The Oregonian’s editorial board came out in support of the new federal forest management rule, in part because it is “designed to give individual national forests the headroom they’ll need to meet the law smartly”:
“This particular rulemaking should not be mistaken for another dizzying federal process choking on technicalities. The potential impact of it couldn’t be more everyday — on the doorstep of every person calling Oregon home and every person who thinks Oregon is special because of all its green.
The Northwest alone boasts 29 million acres of the nation’s national forests — enough land, if stitched together, to hold Connecticut, Massachusetts, Vermont, New Hampshire, Rhode Island and New Jersey. Much of it is wild, tough to get to; much of it is familiar, as recreational haven. All of it, however, is part of the broader swatch of national forests that in the American West furnish 50 percent of our drinking water.

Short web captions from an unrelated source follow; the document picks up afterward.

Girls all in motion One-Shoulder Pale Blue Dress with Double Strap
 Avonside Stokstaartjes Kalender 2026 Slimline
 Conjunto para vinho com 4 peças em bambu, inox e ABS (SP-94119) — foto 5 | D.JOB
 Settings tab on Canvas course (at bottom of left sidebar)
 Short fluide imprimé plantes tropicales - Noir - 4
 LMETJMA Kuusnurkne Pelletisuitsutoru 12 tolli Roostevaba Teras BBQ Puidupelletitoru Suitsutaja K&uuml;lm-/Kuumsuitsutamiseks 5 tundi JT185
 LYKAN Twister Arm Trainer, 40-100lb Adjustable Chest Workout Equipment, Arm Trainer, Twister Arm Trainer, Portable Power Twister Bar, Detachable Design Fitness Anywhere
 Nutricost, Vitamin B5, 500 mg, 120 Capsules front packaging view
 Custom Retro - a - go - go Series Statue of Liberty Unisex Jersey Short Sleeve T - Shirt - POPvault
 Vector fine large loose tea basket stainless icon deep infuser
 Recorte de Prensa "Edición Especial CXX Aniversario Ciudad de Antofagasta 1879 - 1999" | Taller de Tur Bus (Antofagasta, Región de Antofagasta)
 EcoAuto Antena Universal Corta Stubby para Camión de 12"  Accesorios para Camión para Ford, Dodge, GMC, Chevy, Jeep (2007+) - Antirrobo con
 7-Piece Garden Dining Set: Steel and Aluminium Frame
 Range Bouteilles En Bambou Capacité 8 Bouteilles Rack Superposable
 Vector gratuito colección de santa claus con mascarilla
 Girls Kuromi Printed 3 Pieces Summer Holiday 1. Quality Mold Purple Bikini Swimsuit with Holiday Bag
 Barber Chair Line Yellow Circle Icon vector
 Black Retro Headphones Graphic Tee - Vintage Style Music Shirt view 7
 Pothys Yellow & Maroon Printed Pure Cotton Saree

Somehow that fact is lost in the perennial heat about logging and forest floor inventories for small critters, which otherwise informs forest management debate and policy. But niche concerns cannot be the lone drivers of conversation about the appropriateness of this new rule, designed to give individual national forests the headroom they’ll need to meet the law smartly.
That includes the steadfast preservation of our watersheds as well as species diversity in a time of climate shift. For in guiding forest use, national forest managers will need to show their decisions as ecologically in sync with their particular settings and as socially and economically tuned into the needs of surrounding communities.”